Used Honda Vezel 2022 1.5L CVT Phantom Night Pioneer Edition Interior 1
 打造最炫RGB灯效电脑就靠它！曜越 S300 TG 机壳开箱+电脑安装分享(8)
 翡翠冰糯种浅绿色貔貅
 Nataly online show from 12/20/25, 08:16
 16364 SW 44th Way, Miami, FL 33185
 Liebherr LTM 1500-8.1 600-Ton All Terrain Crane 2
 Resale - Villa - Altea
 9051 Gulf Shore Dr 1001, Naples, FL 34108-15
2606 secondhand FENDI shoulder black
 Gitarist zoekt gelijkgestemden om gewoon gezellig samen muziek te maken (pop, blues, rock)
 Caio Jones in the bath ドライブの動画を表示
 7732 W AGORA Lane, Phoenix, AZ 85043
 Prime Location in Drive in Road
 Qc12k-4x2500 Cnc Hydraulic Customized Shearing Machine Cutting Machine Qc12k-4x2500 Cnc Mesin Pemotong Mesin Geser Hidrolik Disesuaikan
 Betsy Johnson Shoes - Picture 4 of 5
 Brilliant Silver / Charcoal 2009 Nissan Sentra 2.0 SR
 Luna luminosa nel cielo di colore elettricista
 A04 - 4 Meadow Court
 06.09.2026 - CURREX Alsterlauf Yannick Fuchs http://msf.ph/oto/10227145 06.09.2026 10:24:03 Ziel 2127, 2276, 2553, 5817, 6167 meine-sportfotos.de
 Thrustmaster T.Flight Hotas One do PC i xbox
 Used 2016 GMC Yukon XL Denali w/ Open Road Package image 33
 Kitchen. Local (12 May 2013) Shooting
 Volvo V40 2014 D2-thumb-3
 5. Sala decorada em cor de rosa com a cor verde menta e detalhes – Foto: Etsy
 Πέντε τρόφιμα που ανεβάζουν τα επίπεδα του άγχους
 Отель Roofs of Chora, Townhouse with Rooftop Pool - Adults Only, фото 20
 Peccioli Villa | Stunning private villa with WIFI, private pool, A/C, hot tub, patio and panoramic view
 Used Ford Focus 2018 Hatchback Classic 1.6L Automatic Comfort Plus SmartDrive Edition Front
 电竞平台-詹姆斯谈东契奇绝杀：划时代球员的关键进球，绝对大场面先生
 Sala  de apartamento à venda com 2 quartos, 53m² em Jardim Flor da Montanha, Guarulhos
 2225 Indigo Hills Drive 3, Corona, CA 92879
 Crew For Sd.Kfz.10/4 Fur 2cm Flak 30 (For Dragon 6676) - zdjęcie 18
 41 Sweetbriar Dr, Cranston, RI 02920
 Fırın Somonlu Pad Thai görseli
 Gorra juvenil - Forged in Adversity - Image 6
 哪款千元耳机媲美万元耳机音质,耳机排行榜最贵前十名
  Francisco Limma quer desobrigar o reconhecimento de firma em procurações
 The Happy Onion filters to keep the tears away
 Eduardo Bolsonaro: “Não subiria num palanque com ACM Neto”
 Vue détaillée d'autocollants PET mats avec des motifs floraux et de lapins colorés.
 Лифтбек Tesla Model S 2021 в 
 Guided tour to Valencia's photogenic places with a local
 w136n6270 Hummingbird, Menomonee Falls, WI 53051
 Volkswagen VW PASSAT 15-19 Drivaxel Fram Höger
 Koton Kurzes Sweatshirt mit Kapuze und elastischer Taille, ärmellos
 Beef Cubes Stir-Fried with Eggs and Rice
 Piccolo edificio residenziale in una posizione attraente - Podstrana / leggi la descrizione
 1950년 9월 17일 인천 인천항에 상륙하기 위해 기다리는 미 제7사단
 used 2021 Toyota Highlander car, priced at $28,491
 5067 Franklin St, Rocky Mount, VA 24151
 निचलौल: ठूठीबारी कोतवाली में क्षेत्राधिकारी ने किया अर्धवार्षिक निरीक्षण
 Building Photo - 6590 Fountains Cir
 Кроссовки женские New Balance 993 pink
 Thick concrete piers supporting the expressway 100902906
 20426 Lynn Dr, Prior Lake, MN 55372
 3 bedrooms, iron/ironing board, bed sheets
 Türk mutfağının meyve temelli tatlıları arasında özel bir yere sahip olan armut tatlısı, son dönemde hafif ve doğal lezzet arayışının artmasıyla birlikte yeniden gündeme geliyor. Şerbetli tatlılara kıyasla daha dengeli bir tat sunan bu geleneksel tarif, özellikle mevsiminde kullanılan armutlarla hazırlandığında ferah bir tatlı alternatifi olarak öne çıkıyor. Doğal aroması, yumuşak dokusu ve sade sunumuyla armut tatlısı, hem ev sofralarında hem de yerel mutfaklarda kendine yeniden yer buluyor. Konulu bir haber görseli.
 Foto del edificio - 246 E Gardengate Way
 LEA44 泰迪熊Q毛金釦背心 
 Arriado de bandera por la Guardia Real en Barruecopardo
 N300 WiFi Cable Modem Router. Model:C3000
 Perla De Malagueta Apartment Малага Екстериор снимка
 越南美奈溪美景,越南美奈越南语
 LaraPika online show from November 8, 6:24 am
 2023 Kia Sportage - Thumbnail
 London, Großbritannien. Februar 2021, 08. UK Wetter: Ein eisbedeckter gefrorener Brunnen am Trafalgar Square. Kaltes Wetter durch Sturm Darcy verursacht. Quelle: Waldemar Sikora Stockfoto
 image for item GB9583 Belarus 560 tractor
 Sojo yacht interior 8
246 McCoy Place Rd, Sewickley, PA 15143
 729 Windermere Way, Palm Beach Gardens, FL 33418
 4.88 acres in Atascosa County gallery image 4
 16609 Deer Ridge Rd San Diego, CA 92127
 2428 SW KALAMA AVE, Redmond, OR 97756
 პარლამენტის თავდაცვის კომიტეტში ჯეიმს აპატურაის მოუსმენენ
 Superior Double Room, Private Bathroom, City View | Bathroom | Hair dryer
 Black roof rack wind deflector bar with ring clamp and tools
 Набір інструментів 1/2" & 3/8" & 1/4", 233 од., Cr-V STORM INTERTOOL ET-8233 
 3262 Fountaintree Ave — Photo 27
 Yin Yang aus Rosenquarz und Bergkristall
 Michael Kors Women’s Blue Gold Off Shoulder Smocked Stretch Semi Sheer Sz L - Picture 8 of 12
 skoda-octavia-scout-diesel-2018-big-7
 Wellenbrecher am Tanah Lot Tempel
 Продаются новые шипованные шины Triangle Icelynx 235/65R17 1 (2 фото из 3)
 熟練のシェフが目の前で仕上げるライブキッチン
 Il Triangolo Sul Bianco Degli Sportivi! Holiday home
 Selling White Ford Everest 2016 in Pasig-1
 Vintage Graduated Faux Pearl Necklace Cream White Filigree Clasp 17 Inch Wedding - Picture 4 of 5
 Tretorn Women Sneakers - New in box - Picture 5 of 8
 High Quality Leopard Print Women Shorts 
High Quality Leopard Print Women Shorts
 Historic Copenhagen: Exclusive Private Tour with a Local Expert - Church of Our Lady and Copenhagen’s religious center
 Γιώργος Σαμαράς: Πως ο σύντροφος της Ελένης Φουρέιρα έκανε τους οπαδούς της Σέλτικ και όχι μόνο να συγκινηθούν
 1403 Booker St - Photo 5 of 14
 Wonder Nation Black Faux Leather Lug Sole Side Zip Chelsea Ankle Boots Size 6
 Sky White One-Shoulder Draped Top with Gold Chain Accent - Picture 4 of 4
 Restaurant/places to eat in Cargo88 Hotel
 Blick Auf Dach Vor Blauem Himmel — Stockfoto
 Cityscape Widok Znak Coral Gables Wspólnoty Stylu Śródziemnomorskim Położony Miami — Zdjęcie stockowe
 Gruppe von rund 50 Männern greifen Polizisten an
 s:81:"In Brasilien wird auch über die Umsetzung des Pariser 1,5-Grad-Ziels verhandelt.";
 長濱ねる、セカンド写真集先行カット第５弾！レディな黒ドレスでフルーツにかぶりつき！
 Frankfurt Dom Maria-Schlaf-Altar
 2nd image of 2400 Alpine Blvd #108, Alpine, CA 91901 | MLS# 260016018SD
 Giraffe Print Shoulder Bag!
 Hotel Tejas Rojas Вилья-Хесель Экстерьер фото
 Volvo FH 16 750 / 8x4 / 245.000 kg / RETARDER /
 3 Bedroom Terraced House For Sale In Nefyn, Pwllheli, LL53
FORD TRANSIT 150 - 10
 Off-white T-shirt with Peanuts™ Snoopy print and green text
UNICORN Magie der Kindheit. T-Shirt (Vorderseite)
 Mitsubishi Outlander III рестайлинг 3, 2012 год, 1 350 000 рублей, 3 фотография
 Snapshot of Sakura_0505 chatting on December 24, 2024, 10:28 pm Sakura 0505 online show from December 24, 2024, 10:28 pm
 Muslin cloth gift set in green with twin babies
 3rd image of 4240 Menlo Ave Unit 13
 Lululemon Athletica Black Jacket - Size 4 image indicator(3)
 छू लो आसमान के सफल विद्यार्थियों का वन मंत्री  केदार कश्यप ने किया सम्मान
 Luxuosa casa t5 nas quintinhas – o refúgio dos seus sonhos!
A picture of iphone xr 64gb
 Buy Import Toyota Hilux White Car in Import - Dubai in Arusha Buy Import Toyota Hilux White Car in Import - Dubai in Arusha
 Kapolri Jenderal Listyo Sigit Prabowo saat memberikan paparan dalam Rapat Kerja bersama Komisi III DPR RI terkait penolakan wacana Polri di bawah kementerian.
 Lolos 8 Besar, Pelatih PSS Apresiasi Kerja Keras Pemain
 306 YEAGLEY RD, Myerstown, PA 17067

◆ **Task directions**
Copy out exactly the lines between the line with "Luxuosa casa t5" and the last line of the entries, counting both of those lines.

◆ **Response to this exercise**
 Luxuosa casa t5 nas quintinhas – o refúgio dos seus sonhos!
A picture of iphone xr 64gb
 Buy Import Toyota Hilux White Car in Import - Dubai in Arusha Buy Import Toyota Hilux White Car in Import - Dubai in Arusha
 Kapolri Jenderal Listyo Sigit Prabowo saat memberikan paparan dalam Rapat Kerja bersama Komisi III DPR RI terkait penolakan wacana Polri di bawah kementerian.
 Lolos 8 Besar, Pelatih PSS Apresiasi Kerja Keras Pemain
 306 YEAGLEY RD, Myerstown, PA 17067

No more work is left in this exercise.